Ask questions to try to really understand what they are talking about. You may learn something and they
will know you are interested. At a minimum, nod and maintain eye contact.
• Use humor wisely. Appropriate humor breaks the ice, invigorates dull conversations and makes a person
more approachable. Never tell jokes that contain bias against gender, race, religion or other groups and
affiliations.
• Listen well. Do not be one of those individuals who are constantly looking around the room to see who
else is there when in a conversation or slips you a business card and runs off to the next person. If you are
being dragged into a long conversation, find and appropriate pause in the conversation, remark on
something they just said to let them know you were listening and follow up with saying something
along the lines of, “ Well, I don’t want to take up all your time as I am sure there are other people you
would like to meet. Thank you for the conversation, it was nice to meet you Ann.”

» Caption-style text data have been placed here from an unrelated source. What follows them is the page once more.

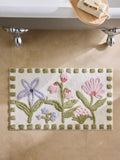 Multi Water Colour Floral Print Bath Mat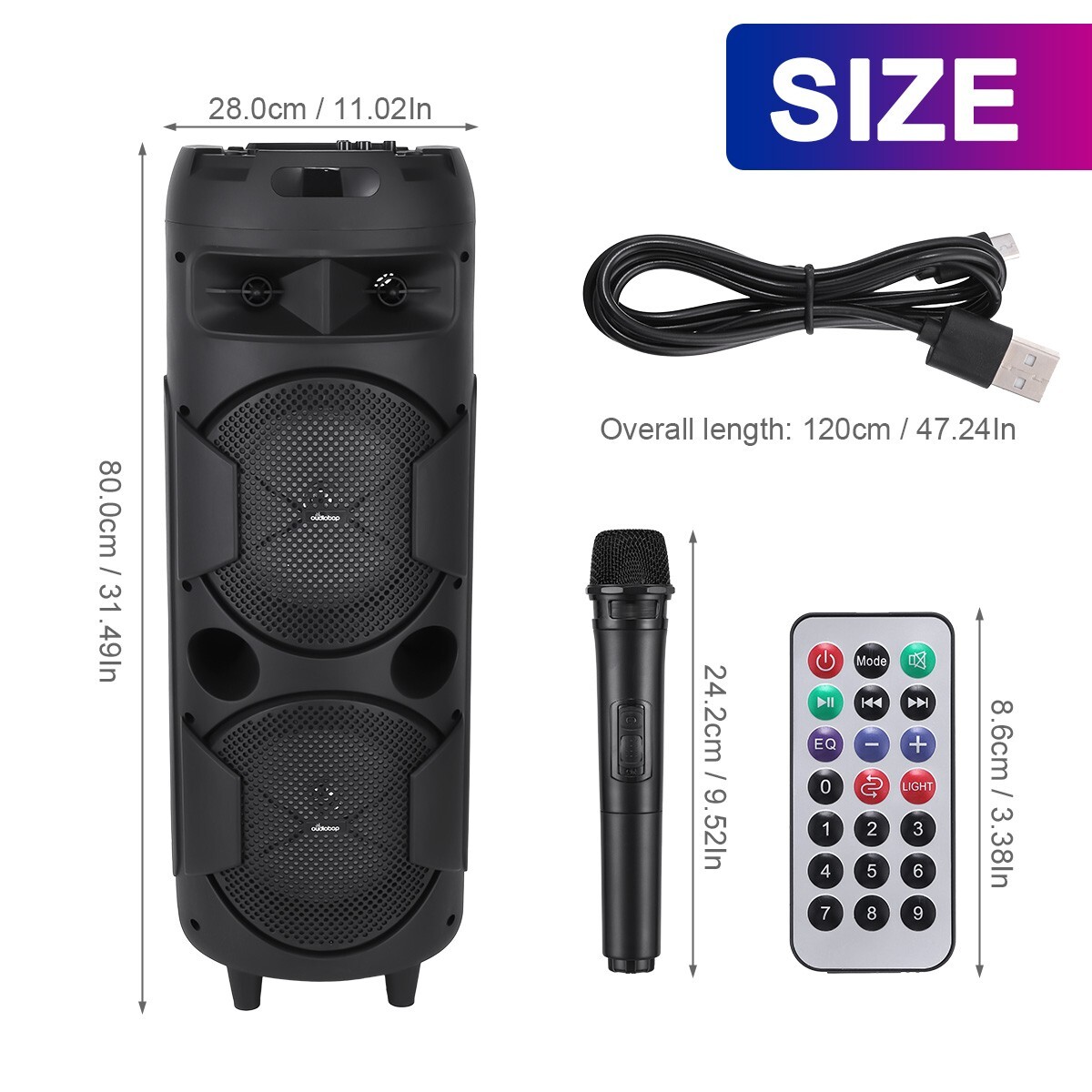 Party Portable Wireless Bluetooth Speaker Bass Sound Subwoofer with Microphone - 3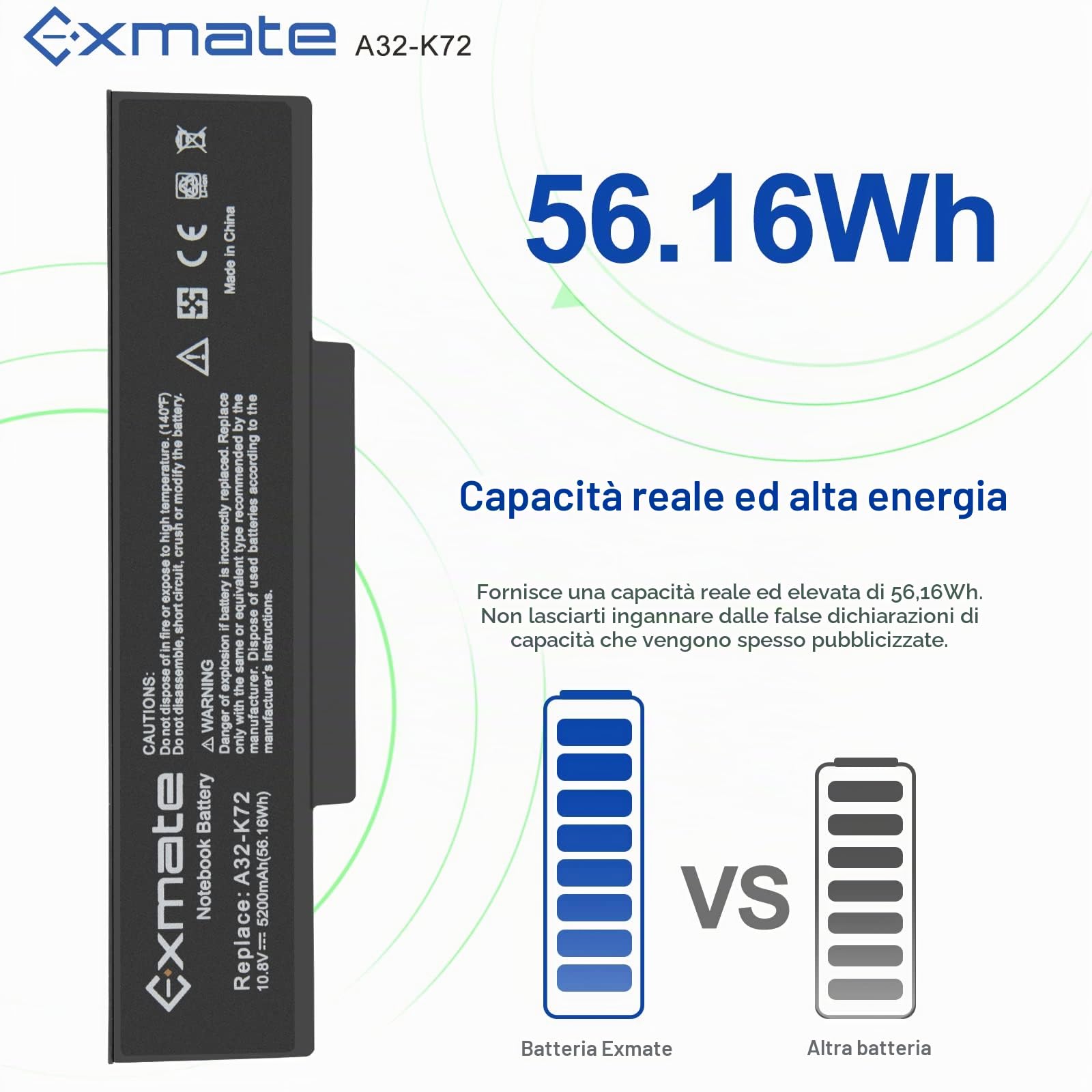 Exmate 5200mAh Batteria A32-K72 A32-N71 per Asus K72 K72F K72J K73S K73SV N71 N71J N73S N73SV X73S X77 A72 K72D K72DR K72DY K72JK K72JR K72JV N71JV N71V N73 N73J X73E X73 X73BY X73SD X73SV X73T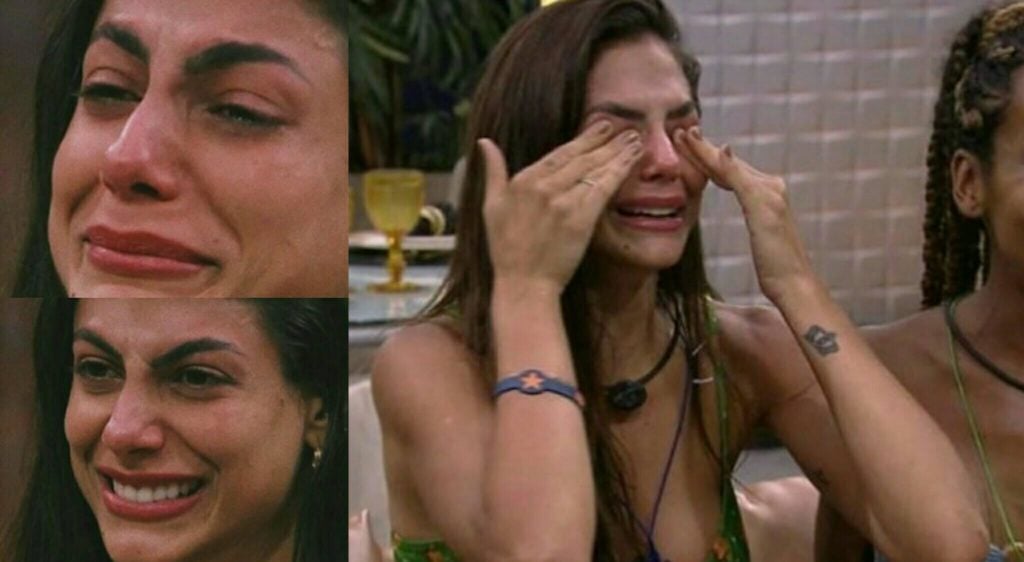 Mari Gonzalez chora muito ao receber mensagens de familiares e do marido no BBB 20 (Foto: Reprodução/Montagem)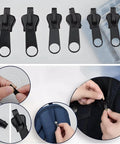 Six Pack Universal Zipper Repair Kit No Sew Quick Fix For Jackets Luggage Bags Backpacks And Boots Instantly Replaces Broken Zippers With Durable Metal And Plastic Sliders Fits Most Zippers No Tools Needed Easy Install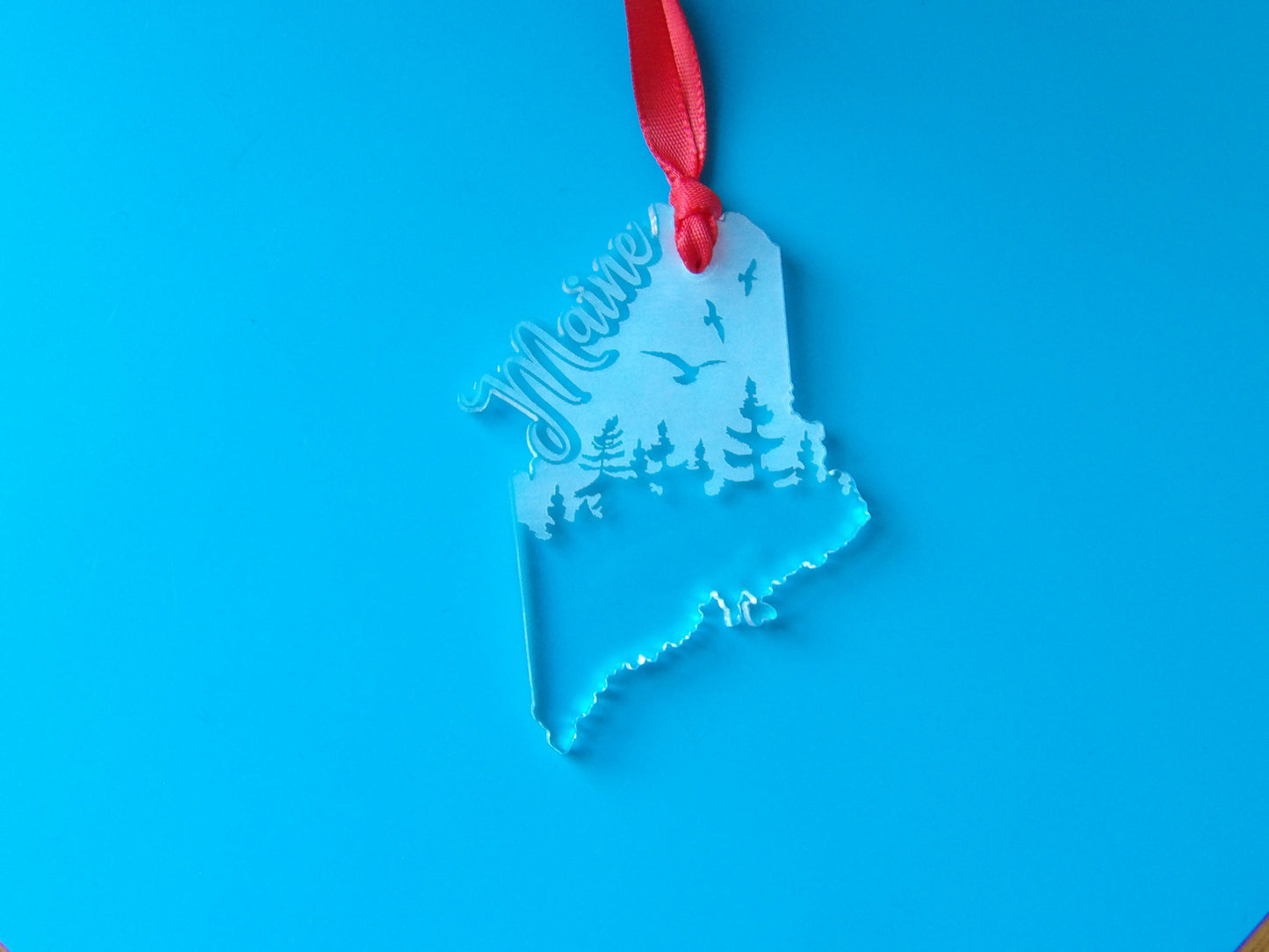 State of Maine Birds and Trees Clear Acrylic Christmas Tree Ornament
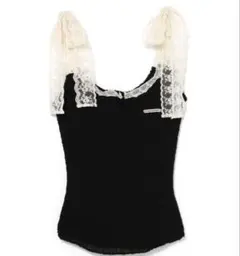andmary Lil lace knit tops black - メルカリ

• Exchange business cards typically at the end of a conversation or event. If someone has not offered you
his or her card, ask for one. Your request will likely result in an exchange of cards.
• Always thank the host or hostess before leaving if possible.
While all of us have some networking experience we can become more comfortable with and enjoy the experience with
practice. Whether it is online or traditional, gear up your networking skill set and get going - a world of interesting people,
experience and opportunities awaits you.